The Chicago Bears ran wild over the Pittsburgh Steelers Sunday at Soldier Field and a lot of their rushing yardage came via the outside zone stretch play. Because of that, Steelers head coach Mike Tomlin was asked during his Tuesday press conference if he thought his defense had any trouble setting the edge during Sunday’s game.

“You know, not consistently, but at times,” Tomlin said. “There’s going to be a hole or two from time to time, particularly when you’re as well-prepared as those guys, and they were. I tip my cap to Coach [John] Fox and those guys. They had a great plan. So, there’s going to be a big hole from time to time, usually those plays are minimized with good tackling. Those are the 6 to 8 to 11 yard gains that you might see in the running game from time to time.

“Really, our biggest issue is those instances, there were several of those instances we weren’t good tacklers. Those holes became field-flipping plays, 26-yard gains, 40-yard gains, and so forth. So it was a combination of us being a little bit more solid on the perimeter at times, good schematics by them, and when those two things occurred, we didn’t do a good job of tackling. And sometimes good open-grass tackling covers up a lot of things and there were some missed tackles on some of those breakout plays.”

Since Sunday’s game ended, Steelers outside linebacker James Harrison, who played all of three defensive snaps against the Bears, was asked if he thinks he can still effectively set the edge against outside zone stretch plays.

“I could do that [set the edge] when I’m 60,” Harrison said, according to Ed Bouchette of the Pittsburgh Post-Gazette.

Because of Harrison’s comments and combined with the fact he has a long history of playing well against the run and especially when it comes to outside zone plays, Tomlin was asked Tuesday if he gave any thought to using the veteran outside linebacker in that role Sunday against the Bears.
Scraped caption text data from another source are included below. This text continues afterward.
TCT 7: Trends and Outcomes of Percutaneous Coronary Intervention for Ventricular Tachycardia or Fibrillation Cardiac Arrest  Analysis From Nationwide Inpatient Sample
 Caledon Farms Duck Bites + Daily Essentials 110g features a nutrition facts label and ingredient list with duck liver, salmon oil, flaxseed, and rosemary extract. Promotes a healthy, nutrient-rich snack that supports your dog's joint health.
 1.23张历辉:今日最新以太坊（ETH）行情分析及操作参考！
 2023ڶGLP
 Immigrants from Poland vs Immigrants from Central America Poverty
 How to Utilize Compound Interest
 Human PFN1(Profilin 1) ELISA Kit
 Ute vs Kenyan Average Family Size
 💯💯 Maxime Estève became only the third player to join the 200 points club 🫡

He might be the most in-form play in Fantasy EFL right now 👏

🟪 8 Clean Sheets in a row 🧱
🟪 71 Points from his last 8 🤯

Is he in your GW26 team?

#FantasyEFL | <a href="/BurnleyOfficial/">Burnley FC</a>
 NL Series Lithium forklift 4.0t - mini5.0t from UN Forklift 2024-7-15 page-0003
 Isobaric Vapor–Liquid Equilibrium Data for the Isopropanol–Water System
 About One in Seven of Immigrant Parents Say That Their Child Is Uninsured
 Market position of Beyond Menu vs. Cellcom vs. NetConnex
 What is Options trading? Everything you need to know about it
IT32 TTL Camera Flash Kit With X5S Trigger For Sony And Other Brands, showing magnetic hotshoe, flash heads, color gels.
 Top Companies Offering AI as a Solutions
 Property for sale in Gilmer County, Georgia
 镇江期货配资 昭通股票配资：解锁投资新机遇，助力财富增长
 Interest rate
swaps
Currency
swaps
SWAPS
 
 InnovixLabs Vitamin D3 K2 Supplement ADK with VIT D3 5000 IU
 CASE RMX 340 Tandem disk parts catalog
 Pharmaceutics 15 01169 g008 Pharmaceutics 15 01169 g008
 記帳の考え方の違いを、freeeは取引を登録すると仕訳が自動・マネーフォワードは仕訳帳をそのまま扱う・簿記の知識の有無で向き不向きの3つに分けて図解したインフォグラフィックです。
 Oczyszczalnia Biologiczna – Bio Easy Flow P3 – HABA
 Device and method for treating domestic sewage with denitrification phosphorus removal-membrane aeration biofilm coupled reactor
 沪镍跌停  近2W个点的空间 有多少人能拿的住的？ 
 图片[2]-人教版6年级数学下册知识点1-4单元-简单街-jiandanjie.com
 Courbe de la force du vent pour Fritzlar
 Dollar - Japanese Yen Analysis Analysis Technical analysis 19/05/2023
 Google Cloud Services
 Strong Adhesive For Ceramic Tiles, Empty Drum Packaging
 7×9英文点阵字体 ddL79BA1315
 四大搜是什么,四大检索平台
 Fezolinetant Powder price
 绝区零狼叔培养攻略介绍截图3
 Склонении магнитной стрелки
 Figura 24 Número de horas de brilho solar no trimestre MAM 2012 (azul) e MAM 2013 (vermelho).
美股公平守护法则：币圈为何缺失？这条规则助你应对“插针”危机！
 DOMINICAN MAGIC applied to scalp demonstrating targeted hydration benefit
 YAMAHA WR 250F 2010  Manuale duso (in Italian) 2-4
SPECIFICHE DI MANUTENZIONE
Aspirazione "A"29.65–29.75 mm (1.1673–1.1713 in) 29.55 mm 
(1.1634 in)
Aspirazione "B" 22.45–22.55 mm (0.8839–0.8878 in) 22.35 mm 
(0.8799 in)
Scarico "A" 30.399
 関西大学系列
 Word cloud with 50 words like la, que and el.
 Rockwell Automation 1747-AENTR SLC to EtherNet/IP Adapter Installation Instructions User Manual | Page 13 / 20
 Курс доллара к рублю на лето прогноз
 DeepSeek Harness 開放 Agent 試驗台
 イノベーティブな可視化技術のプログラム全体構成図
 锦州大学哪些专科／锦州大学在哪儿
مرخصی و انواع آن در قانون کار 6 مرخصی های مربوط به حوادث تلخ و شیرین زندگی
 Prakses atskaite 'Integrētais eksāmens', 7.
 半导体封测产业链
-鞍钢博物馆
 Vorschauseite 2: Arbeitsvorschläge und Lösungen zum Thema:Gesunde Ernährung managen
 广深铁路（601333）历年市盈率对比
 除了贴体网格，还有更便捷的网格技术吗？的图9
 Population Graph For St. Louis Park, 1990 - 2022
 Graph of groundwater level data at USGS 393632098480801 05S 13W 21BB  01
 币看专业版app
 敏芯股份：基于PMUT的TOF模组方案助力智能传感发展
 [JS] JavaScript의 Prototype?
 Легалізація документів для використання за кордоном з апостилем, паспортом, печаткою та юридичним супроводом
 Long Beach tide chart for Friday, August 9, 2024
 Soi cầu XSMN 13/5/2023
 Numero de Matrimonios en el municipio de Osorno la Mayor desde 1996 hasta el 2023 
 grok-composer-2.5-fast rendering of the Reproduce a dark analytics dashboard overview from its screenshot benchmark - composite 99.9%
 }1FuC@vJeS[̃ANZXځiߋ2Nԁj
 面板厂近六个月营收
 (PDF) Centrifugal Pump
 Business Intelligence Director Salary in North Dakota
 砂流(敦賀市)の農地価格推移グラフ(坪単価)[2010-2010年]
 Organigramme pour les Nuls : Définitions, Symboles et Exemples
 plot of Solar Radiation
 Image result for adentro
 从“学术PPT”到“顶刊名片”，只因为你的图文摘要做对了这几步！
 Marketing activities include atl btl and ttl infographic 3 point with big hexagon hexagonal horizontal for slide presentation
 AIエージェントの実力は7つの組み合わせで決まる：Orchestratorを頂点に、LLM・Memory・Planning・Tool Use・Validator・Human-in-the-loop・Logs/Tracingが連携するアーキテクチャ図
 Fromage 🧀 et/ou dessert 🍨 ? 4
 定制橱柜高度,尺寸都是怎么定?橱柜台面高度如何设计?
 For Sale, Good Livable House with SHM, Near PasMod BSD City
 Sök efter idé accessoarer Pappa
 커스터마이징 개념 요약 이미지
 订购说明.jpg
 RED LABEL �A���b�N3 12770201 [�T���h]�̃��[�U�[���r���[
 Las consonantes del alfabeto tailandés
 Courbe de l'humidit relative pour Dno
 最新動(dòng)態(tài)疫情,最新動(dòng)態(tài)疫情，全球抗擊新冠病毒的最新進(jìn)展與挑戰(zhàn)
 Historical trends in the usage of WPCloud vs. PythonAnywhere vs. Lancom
“I don’t know if it was specifically the outside linebacker position that was viewed as an issue in that football game and James speaks to the outside linebacker position,” Tomlin said. “Largely, we’ve got to do a better job of minimizing the run. I’m not singling out any position and I think a discussion about his participation, or non participation, does that and I don’t want to lead perception in any wild directions, man. Perception’s been led in enough wild directions in recent days, hasn’t it?”

In short, Tomlin made it sound like outside linebacker Anthony Chickillo, who started at right outside linebacker against the Bears in place of the injured T.J. Watt, wasn’t the weak link on Sunday when it came to outside zone running plays to his side of the field. In my honest opinion, the all-22 tape backs this up. Was Chickillo perfect? Absolutely not, but it looked to me like most of the issues on outside zone runs to the right side of the Steelers defenses in Sunday’s game were mostly related to the play of the team’s inside linebackers, defensive backs and overall schematics.

Regardless of which player or players were at fault when it came to the Steelers defense failing to stop the Bears rushing attack on Sunday at Soldier Field, the problem needs to be fixed in a hurry.